“BEY” Dönemi ve Erdal Süreç
Erdal Süreç’i; gerek 13 yıllık KTAMS başkanlığından gerekse TKP Milletvekilliği ve DPÖ’deki görevinden dolayı, özellikle bu çevrelerce ve bu konular içerisinde yer alanlar tarafından yakından bilinen bir isim.
“Bitmeyen ‘BEY’ Dönemi-KTAMS ve Siyasette Yaşanan Süreç” isimli kitabı, ‘60’lı yılların sonlarından 1990 Milletvekilliği Seçimlerine kadar taşınan süreçte; Kırıs Türk Toplumunun sendikal-sosyal-politik ve ekonomik evrelerinin geçişini bir belgesel sunumla bizlere aktarıyor.
Kitabın tırnak işareti içerisinde verilen “BEY” kelimesinin ilk olarak; “beylerin yönetimi” gibi algılansa; dünün bugüne taşındığı fakat günümüz koşullarında farklı bir ambalaja bürünen “Bayraktarlık-Elçikilik-Yönetim” üçlemesinin, açılımından oluşturlduğunu belirtiyor Erdal Süreç.
Erenköy Mücadelesine katılan öğrencilerden biri olarak, ada’ya girişleri bir süre engellenen, ardından bu engelin kalkmasıyla bir üniversite mezunu olarak yurduna dönen Erdal Süreç; İngiliz Müsdemleke Dönemi’nin kuralları-beklentileri ve mücadele şekliyle kurulmuş olan; “Kıbrıs Hükümeti Yönetimi Memurları Kurumu”na üye başvurusunun reddedilmesiyle; Süreç’in yaşamında yeni bir “süreç” başlıyordu.

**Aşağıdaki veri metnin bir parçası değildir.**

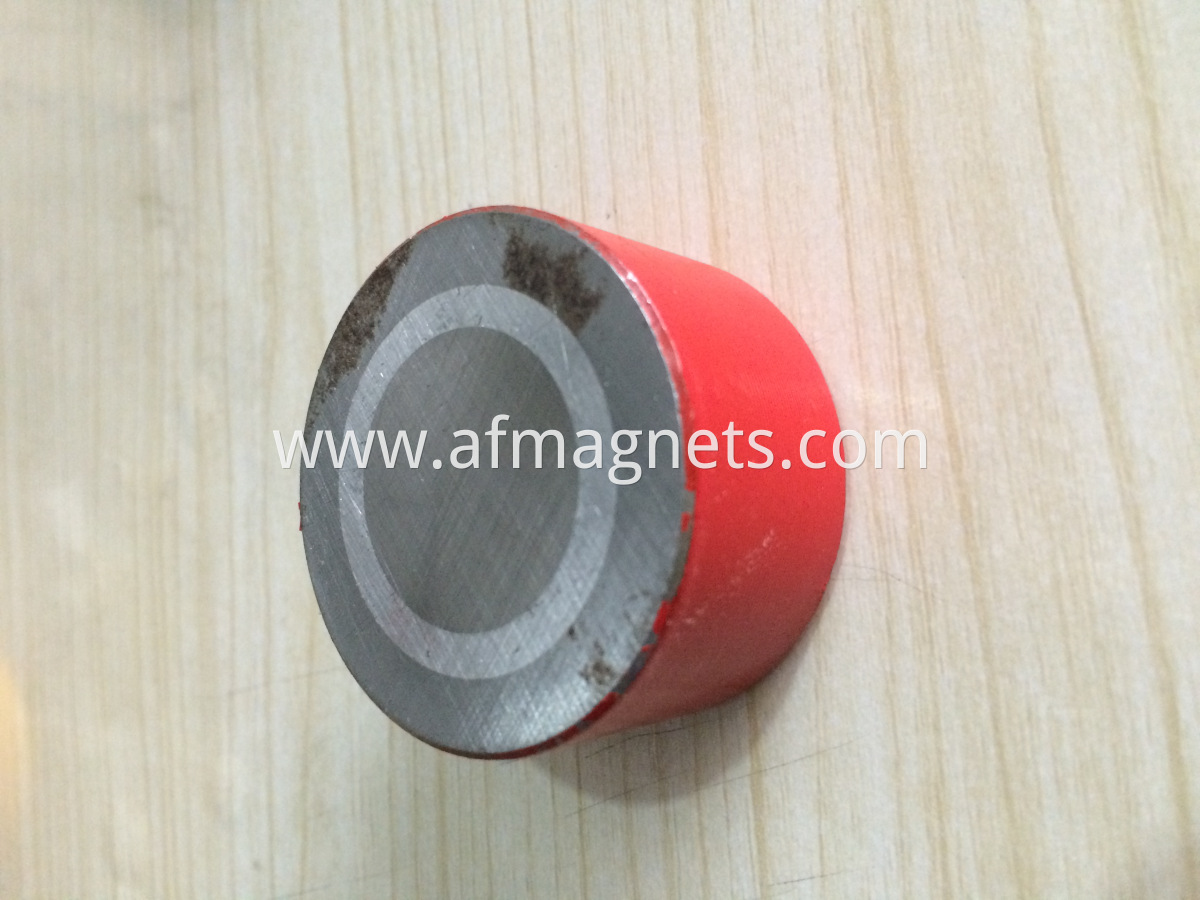 Alnico Deep Pot Magnets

Niye reddedilmişti biliyor musunuz? Üniversite mezunu olduğu için... Hayretinizi görür gibiyim ama işte o yıllarda memur olabilmek için gereken kriterler; bir Türkiye Üniversitesinden mezun olmaktan önce; Kıbrıs’taki bazı sınavları –İngilizce/Rumca gibi- geçmek daha önemli bir kriterdi. Bu olumsuz yanıt; aynı dertten muzdarip olan arkadaşlarıyla birlikte ve grev hakkı da olabilen (söz konusu Kurumda grev hakkı tüzüklerinde yoktu), KIBRIS TÜRK YÖNETİMİ MEMURLAR SENDİKASI’nı kurarlar.

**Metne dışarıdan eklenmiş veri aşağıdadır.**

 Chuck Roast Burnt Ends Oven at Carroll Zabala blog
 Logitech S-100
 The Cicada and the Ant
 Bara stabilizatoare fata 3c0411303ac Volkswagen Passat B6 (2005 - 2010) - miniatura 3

Bu sendika, deyimi yerindeyse; zehir-zemberek açıklamalar yapmaya başlayınca, aklın yolu birdir diyerekten, müstemleke Kurumu’ndan gelen bir teklifle birleşme kararı alındı, tüzükleri çağdaşlaştırılıp, hak aramadaki yöntem (grev dâhil) ve kucaklayacakları zümre genişletilerek sonunda KIBRIS TÜRK AMME MEMURLARI SENDİKASI’na (KTAMS) dönüşen sürecin başlamasına olanak tanındı.

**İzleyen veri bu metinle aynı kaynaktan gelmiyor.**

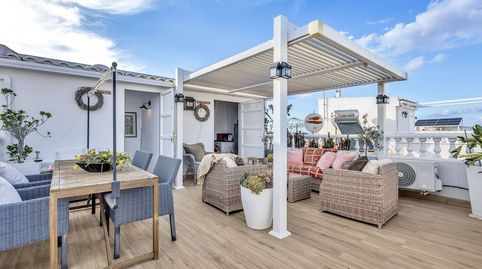 Foto 5 de Casa adosada en venta en La Florida - Playa Flamenca, La Florida, Orihuela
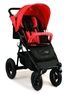 Прогулочная коляска Valco Baby Quad X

Bu günlerin “BEY” yönetimindeki anti demokratik, despot ve tehditkâr tutumlarıyla karşılaşan sendika yöneticileri, “BASKI”nın ne olduğuyla ilgili yüzleşmeyi en bariz şekilde o yıllarda başlamışlardı. Bu yöndeki detaylı bilgiler ve belgelerle okuyana önemli katkı sağlamkatadır kitap.
Yaşamımızda yer alan PEYAK ve BELÇA gibi kurumlarının kuruluşları, ilk önce KTAMS olarak PEYAK’ın özellikle kuruluş ve yönetme şekline karşı durulan tutum, ardından KTAMS-Belediye Emekçileri Sendikası (BES), KTÖS’ün o yıllarda 600.000’ner lira konularak Lefkoşa Belediyesi’nin katkılarıyla oluşan BELÇA’nın kuruluş amacına kadar giden süreç de kitapta yer almaktadır. Özellikle de; BELÇA işletmesinin; halkın alım gücünü düşünerek satış ürünlerinde uyguladıkları düşük fiyatların, neredeyse dışarıdaki tüm marketlerde bir fiyat istikrarına gidilme zorunluluğunun tetikleyici olduğu, en önemli toplumsal kazanç dinamiğiydi.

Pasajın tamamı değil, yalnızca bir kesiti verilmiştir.